The Bornean swiftlet (Collocalia dodgei), also referred to as the Kinabalu 'linchi' swiftlet, is a small bird in the swift family Apodidae. It is endemic to the northern mountains of the island of Borneo. It has variously been considered a subspecies of the glossy swiftlet or the cave swiftlet, and in 2008 was split from the latter (C. linchi) as a full species C. dodgei.

==Taxonomy==
The Bornean swiftlet was described by the American ornithologist Charles Richmond in 1905 under current binomial name Collocalia dodgei. The specific epithet dodgei is in honour of H. D. Dodge who had collected the specimen on Mount Kinabalu in Borneo.

==Description==
At about 10 cm in length it is a tiny swiftlet with relatively short wings and a square tail. Mainly glossy dark grey to black in colour, it has a white belly.
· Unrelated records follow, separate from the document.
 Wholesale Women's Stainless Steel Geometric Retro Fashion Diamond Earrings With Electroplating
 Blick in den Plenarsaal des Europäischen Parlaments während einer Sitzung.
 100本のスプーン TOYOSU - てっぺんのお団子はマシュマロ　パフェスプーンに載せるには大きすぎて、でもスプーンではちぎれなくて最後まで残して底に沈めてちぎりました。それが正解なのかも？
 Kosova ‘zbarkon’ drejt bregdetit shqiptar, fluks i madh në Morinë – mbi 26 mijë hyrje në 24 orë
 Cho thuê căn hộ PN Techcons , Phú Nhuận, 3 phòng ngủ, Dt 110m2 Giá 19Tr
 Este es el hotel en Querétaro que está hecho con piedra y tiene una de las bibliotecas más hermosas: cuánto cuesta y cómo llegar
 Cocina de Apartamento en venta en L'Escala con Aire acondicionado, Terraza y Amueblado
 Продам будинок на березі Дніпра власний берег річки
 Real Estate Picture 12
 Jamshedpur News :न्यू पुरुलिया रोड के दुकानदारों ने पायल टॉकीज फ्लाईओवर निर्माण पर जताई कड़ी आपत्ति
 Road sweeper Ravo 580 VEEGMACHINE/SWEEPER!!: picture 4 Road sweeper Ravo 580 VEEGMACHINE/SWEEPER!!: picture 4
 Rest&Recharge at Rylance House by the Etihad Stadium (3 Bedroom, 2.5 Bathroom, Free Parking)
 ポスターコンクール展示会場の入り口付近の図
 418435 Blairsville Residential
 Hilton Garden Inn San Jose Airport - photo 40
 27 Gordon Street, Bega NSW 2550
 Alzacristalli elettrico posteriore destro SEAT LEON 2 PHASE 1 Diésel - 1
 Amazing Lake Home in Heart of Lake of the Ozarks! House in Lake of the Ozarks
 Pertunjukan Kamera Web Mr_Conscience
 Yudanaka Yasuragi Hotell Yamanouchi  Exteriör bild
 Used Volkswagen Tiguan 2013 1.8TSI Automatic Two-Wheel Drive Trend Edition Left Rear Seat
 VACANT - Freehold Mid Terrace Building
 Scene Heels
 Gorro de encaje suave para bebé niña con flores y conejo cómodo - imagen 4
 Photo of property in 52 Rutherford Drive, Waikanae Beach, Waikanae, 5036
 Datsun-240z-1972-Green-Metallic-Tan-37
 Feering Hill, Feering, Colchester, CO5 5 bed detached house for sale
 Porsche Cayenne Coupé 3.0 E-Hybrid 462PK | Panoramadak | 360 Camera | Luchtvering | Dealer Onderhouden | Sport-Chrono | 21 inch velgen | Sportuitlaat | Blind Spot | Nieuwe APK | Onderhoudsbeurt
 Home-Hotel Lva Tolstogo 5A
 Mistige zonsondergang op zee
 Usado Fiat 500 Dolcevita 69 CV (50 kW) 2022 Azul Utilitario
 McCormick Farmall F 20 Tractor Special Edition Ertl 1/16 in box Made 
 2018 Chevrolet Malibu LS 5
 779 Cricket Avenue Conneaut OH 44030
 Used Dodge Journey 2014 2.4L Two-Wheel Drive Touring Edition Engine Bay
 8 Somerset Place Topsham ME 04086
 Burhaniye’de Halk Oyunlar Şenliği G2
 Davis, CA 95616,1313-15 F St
Compared with the glossy swiftlet, which also occurs within its range, it is slightly smaller, with a greenish, rather than bluish, gloss to the feathers, and with no white tail spots; nor does it have feathered hind toes.

==Distribution and habitat==
It is seen mainly around the massif of Mount Kinabalu, though there is a record from the Maligan Range of south-central Sabah. It has been found nesting on a hut at 2370 m above sea level on Kinabalu.